Provided information below:

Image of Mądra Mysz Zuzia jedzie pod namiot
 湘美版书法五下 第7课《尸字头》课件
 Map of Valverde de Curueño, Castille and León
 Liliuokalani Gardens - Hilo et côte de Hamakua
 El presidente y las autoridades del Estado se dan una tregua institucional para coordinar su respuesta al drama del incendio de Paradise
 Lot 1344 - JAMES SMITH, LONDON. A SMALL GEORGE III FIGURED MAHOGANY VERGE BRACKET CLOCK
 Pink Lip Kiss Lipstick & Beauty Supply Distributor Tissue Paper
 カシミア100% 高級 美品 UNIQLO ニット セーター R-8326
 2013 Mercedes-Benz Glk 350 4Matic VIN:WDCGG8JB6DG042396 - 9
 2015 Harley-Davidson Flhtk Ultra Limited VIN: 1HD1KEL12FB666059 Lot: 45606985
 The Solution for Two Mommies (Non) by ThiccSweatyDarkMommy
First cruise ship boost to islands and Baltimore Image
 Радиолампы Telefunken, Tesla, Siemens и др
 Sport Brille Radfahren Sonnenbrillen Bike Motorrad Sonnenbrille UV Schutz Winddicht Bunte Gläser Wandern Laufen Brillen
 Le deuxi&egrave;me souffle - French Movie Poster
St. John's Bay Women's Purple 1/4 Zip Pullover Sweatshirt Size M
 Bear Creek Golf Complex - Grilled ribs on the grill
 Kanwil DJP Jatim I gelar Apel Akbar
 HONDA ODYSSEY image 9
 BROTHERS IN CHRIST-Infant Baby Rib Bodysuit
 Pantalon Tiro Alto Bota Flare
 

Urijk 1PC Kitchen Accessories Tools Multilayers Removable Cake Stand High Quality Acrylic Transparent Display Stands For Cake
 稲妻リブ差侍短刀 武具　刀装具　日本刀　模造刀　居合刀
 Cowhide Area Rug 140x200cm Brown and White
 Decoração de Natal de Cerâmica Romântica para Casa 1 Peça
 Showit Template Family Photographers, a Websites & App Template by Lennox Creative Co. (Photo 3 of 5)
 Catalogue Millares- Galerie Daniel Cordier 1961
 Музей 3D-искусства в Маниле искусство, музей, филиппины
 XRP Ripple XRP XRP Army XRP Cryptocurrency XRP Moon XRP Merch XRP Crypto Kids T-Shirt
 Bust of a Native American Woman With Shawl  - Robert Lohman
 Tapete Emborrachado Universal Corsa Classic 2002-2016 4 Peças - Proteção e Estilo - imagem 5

End of Provided information.

**What this task involves:** Each line above that includes "para" counts once; state the total and nothing more.

**Exercise output:** 2